# Take the BBC Science Fiction Quiz



## Vince W (Nov 25, 2014)

http://www.bbc.co.uk/programmes/articles/2KM8Kqqt49QwrrlCgvV5PJ0/sci-fi-fan-quiz

15/15. Easy.


----------



## kythe (Nov 25, 2014)

I only scored 8/15, so I found it rather tricky.

A lot of these were "behind the scenes" for movies, like directors and special effects people.  I'm not really good with these things.  Plus, I haven't read Brian Aldiss or seen Dr.
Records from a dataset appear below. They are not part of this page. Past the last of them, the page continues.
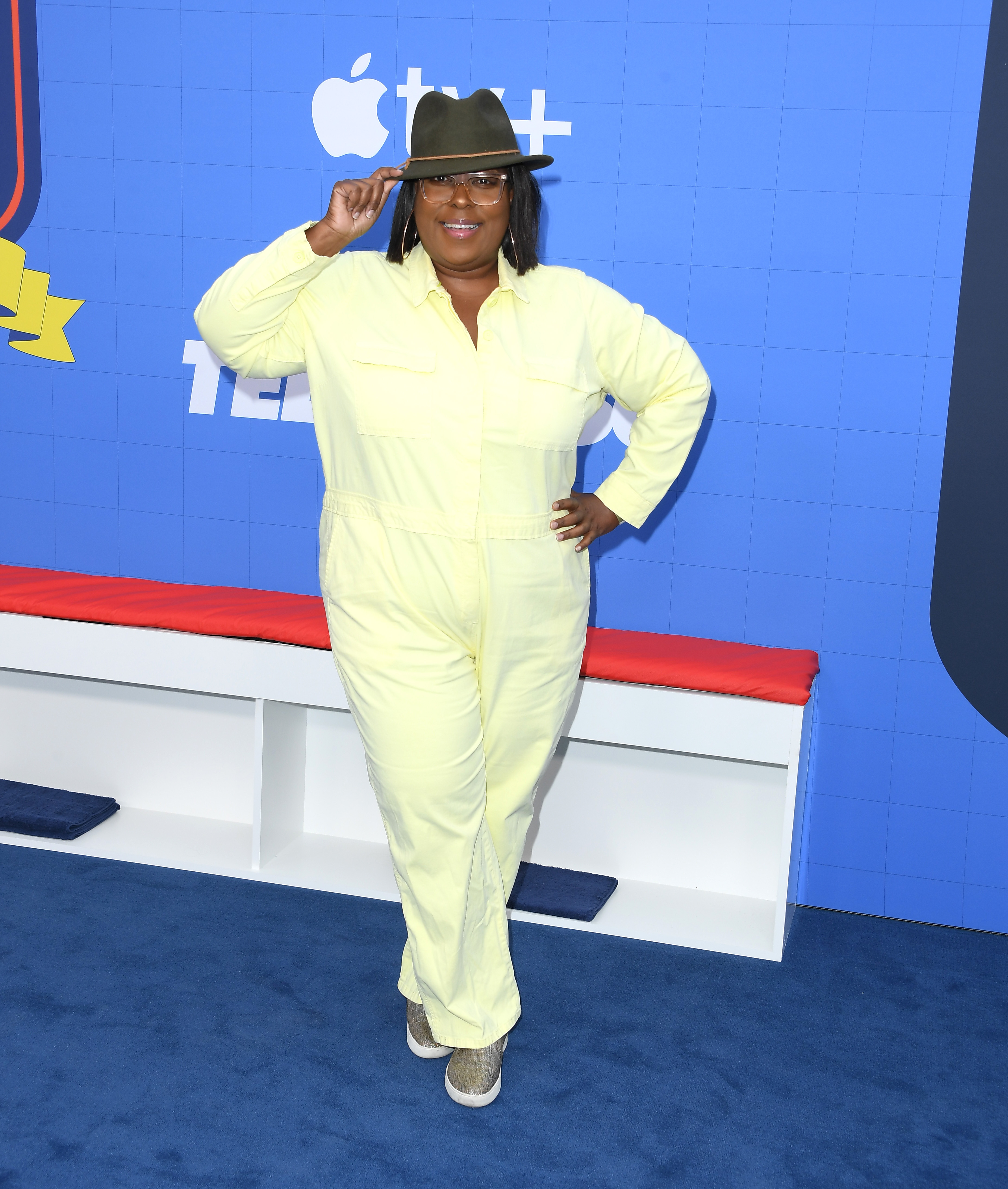 Loni Love at the Apple TV+'s "Ted Lasso" Season Three FYC Red Carpet on June 10, 2023, in North Hollywood, California. | Source: Getty Images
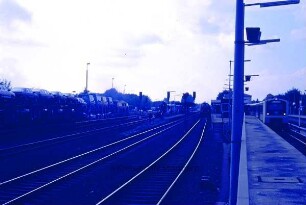 Pinneberg: Bahnhof
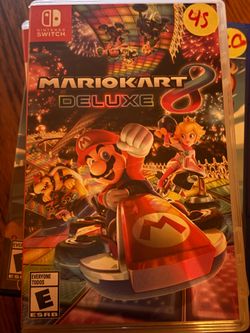 Mario kart Nintendo switch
Who, and I don't know some of the older movies.

So basically, I suck.


----------



## Vince W (Nov 25, 2014)

Perhaps you should look at it as though you're a more rounded individual than sad nerds like myself.


----------



## Ray McCarthy (Nov 25, 2014)

Only 10 out of 15
I lost interest in Dr Who Long Ago
I don't regard Alien or Star Trek as SF, so I'm not well up. (that's two wrong)
Wrong on which woman was the Female Robot
Gibson who?  (Neuromancer / Cyberspace). I've none of his books, nor read any.


----------



## BAYLOR (Nov 25, 2014)

12 out of 15. Not bad.


----------



## BAYLOR (Nov 25, 2014)

Ray McCarthy said:


> Only 10 out of 15
> I lost interest in Dr Who Long Ago
> I don't regard Alien or Star Trek as SF, so I'm not well up. (that's two wrong)
> Wrong on which woman was the Female Robot
> Gibson who?  (Neuromancer / Cyberspace). I've none of his books, nor read any.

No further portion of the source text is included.